Here is my response to his response:
I did not deny that it was smart politics. As a matter of fact, my own work on parliamentary votes highlights that governments benefit from such votes because it blurs their ultimate responsibility for the decision.
My criticism centred on Dr Granatstein’s claim that parliamentary votes are needed to maintain long-term support for the CF’s international deployments. Recent history indicates that there is no correlation between parliamentary votes and public support for these missions. I also doubt that a correlation exists between parliamentary votes and public support for Cold War-era Canadian military deployments.

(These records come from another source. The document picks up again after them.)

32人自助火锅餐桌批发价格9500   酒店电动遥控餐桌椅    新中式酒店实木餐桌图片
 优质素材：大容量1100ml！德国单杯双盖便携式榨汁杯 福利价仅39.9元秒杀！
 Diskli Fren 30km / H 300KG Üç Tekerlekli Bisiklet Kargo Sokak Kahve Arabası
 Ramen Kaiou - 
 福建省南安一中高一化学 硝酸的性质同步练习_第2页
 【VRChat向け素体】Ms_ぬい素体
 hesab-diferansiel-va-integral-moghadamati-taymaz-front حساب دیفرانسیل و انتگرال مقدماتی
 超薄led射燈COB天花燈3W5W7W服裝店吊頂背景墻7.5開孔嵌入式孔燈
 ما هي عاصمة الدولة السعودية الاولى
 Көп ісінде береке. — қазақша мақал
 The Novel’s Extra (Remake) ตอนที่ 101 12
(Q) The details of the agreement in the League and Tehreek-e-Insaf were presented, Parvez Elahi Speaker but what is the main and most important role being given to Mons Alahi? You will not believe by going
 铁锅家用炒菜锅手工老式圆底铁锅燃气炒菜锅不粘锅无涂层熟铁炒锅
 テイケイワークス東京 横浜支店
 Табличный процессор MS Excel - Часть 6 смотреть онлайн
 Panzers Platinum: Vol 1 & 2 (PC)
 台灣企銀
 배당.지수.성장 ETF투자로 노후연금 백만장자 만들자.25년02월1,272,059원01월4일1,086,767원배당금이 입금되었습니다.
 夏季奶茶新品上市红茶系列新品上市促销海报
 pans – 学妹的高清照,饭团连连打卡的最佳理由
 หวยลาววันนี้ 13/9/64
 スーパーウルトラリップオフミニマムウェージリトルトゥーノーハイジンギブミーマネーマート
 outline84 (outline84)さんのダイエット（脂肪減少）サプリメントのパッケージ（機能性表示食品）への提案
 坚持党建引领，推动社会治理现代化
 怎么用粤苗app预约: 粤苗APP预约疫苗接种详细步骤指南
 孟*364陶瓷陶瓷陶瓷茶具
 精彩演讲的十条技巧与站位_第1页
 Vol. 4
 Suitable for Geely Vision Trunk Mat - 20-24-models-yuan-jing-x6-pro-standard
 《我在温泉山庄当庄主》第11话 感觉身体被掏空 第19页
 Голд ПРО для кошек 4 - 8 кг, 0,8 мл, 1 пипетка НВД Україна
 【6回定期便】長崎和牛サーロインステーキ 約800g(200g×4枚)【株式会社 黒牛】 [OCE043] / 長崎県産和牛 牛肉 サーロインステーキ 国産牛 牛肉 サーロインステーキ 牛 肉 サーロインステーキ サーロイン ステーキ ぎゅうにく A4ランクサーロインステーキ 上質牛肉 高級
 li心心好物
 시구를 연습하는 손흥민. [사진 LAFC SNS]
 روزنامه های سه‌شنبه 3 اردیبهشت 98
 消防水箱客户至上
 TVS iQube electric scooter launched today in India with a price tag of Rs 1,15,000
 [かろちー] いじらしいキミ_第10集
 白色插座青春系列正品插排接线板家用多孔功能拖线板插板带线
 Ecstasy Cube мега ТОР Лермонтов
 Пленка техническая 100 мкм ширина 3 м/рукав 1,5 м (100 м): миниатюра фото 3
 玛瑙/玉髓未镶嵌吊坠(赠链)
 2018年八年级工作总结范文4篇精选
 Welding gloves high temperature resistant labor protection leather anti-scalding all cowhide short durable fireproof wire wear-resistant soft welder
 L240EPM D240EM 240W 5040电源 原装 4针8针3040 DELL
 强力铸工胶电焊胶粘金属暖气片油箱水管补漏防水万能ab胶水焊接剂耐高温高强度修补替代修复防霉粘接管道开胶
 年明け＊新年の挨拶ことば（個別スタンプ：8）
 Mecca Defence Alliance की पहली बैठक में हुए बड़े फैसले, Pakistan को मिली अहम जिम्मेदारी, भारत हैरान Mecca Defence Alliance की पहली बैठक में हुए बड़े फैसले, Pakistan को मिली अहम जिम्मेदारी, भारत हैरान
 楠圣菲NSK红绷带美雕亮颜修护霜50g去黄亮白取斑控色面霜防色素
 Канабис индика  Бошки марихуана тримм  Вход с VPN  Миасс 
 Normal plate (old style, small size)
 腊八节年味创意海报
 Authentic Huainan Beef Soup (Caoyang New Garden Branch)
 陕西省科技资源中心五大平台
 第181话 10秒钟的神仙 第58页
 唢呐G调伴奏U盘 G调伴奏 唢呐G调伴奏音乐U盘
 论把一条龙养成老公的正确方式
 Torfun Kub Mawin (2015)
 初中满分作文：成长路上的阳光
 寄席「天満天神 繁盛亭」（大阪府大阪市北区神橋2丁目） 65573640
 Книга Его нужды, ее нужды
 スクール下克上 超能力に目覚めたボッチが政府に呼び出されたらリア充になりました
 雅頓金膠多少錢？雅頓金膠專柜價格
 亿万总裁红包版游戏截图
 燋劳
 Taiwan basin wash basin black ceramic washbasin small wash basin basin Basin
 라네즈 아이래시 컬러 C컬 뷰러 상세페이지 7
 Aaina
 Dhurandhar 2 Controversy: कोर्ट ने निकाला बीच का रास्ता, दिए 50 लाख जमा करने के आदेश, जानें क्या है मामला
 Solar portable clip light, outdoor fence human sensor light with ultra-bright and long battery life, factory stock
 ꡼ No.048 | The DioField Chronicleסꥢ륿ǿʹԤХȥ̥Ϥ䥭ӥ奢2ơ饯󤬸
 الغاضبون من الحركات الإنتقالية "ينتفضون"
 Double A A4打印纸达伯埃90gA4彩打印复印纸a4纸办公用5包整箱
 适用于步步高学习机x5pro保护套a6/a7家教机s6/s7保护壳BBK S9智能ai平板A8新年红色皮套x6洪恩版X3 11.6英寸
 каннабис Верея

So, if Dr Granatstein wanted to say that it is political prudent to hold these votes, then he should have used those terms. Instead, he made an unsubstantiated causal claim about how those affect public opinion. The issue here is not a normative one. It is one of analytical rigour.
Dr Granatstein’s is one of this country’s most widely recognized commentator on military and defence matters. His views on Canadian defence affairs are respected and influential. It is precisely for this reason that the substance and logic of his arguments merit particularly scrutiny. Otherwise, the strength of our defence debate declines.